There are other non-ASCII character issues such as
https://bugzilla.mozilla.org/show_bug.cgi?id=1258613

But the bug I mention occurs because some characters are encoded
DIFFERENTLY under iOS and the rest of the world when UTF-8 is used.
So I think the bug will be there no matter whether this non-UTF-8 path
is removed or not.

By mentioning the bug, I just wanted to point out that there *ARE*
obnoxious bugs regarding non-ASCII character handling in mozilla software.
But majority of the Japanese users probably failed to file the non-ASCII
character bugs, and just think, "oh, another instance of Japanese
characters not passed correctly between mozilla applications and the
external programs, etc.": this type of Japanese character mungling has
been so common before, so it is simply ignored as one of those bugs, OR
when the problem happens it is so difficult to figure out WHERE the buck
stops (i.e., on what program either outputs incorrect character strings
or what program parses input incorrectly, OR BOTH.) And if the producer
and consumer seem to disagree on what type of encoding is used, it is
usually not quite clear even to ordinary programming type people WHAT is
the correct way on a given platform, and who is to blame, and thus many
simply failed to analyze the issue thoroughly and give up half way.
Oh well.

I have noted that, in the last three months or so, some Japanese strings
copied from Mozilla TB or mozilla FF are not parsed correctly when
they are inserted into other programs.
This did not happen before.

But due to exactly the same reason I noted above, I am not sure which
program is to blame, and have not bothered to
pester mozilla bugzilla with possibly false-positive bug reports.
If the problem persists in the next few months, I may file a bug.

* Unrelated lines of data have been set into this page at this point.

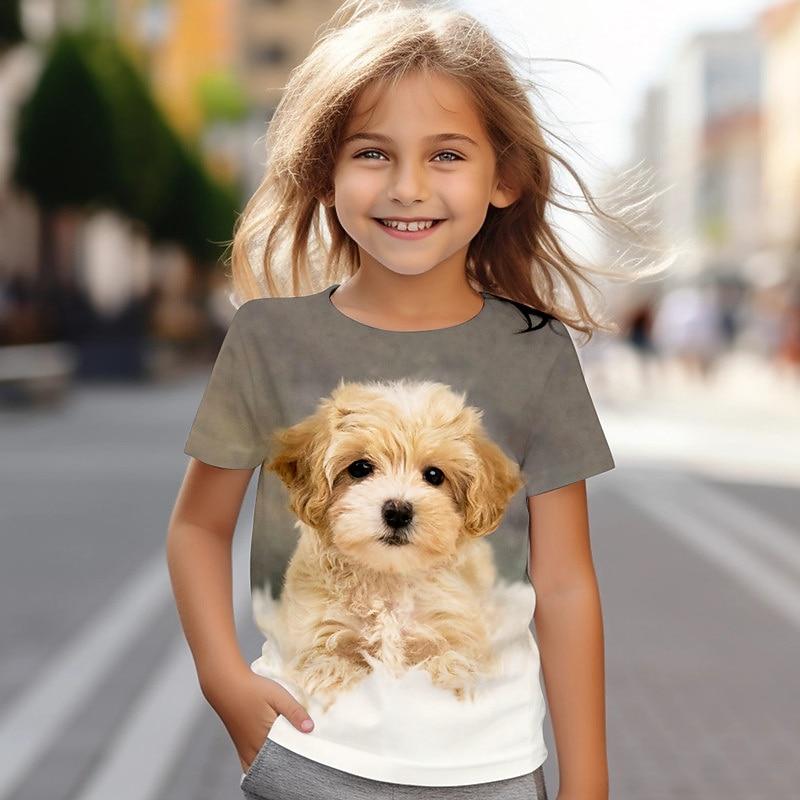 

Girls 3D Dog Tee Shirts Short Sleeve 3D Print Summer Active Fashion Cute Kids 3-12 100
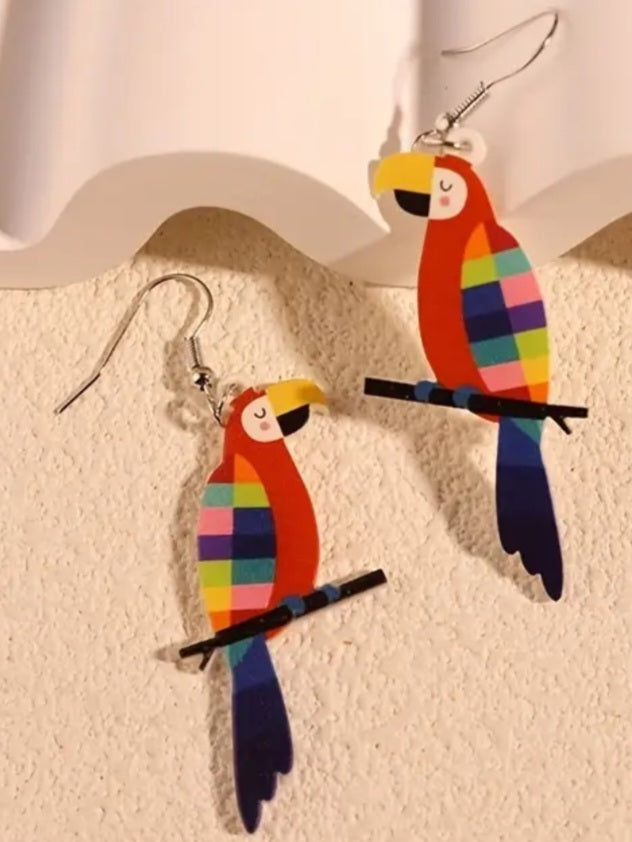 Acrylic Colourful Patchwork Parrot Design Dangle Earrings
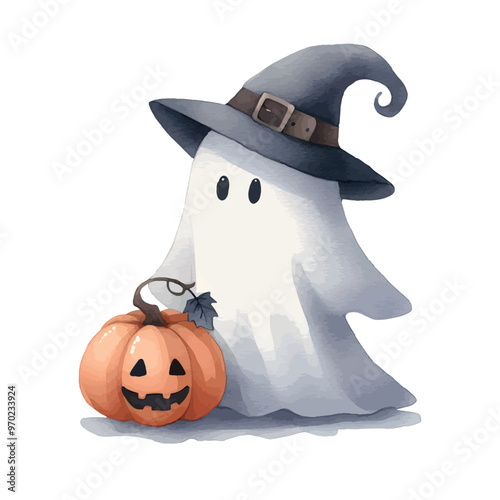 cute ghost. watercolor illustration of cute ghost with pumpkin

TIA for people's attention.

Henri Sivonen

unread,
Dec 5, 2017, 10:17:34 AM12/5/17
to ISHIKAWA,chiaki, dev-platform
On Tue, Dec 5, 2017 at 4:37 PM, ISHIKAWA,chiaki <ishi...@yk.rim.or.jp> wrote:
> There are other non-ASCII character issues such as
> https://bugzilla.mozilla.org/show_bug.cgi?id=1258613

Very weird bug! (Summary for others: decomposed voiced sound mark is
rendered on the wrong base character.)

> But the bug I mention occurs because some characters are encoded DIFFERENTLY
> under iOS and the rest of the world when UTF-8 is used.

HFS+ decomposed Unicode leakage to other systems causes pain, but the
topic of this thread isn't affected by Unicode normalization.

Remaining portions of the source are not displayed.